I was inspired to make this post by listening to a CD (hyperion) by Paul O'Dette and The Parley of Instruments.

hyperion CDA66160.

More specifically, my inspiration was the Concerto in D, RV93 'for soprano lute, two violins, viola, bass, organ'.

Even _more_ specifically, I was taken by the Largo movement. In it the soprano lute (which sounds a lot like a mandolin) plays a beautiful melody in single, spaced notes above the accompaniment of the other instruments. That accompaniment seems simple on the ear at first, but then the weave of harmony among the instruments sort of rises in the brain. Because the lute is playing spaced notes, the harmony is clearly audible once recognized.

There is not anything even close to being a loser among the works on this CD. I recommend it enthusiastically.

The CD is listed at amazon.com.

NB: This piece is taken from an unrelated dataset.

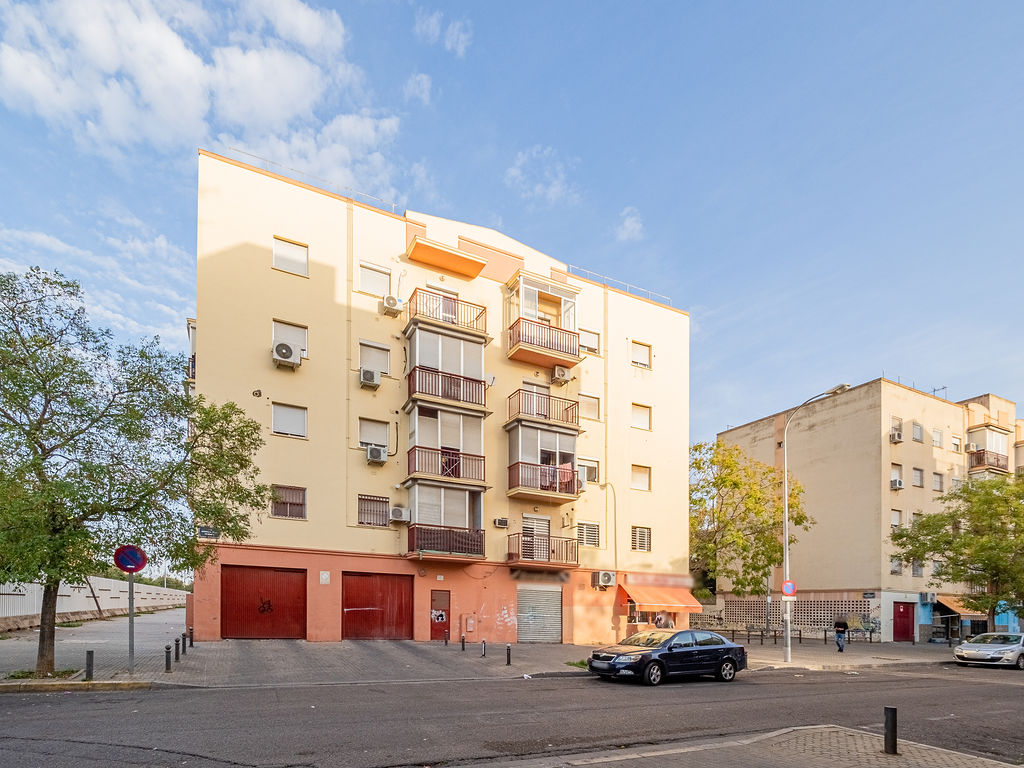 Piso con garaje en C/ Dolores Ibárruri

Search under music for o dette vivaldi.

Googling the work at YouTube gets lots of hits, but I didn't see this recording. I did find another recording, employing different instruments - including an archlute - which sounds wonderful, and much different.


----------



## kv466 (May 18, 2011)

Sounds great! The recording I have is with a guitar transcription  although it is very good.


----------



## Llyranor (Dec 20, 2010)

I've been listening to the Il Giardino Armonico boxset recently, and am completely enamored by their Vivaldi recordings.

I really love their performance of this particular piece. So exciting!


----------



## mjqjazzbar (Jan 28, 2013)

Thanks for the recommendation. The lute is a lovely instrument. :tiphat:


----------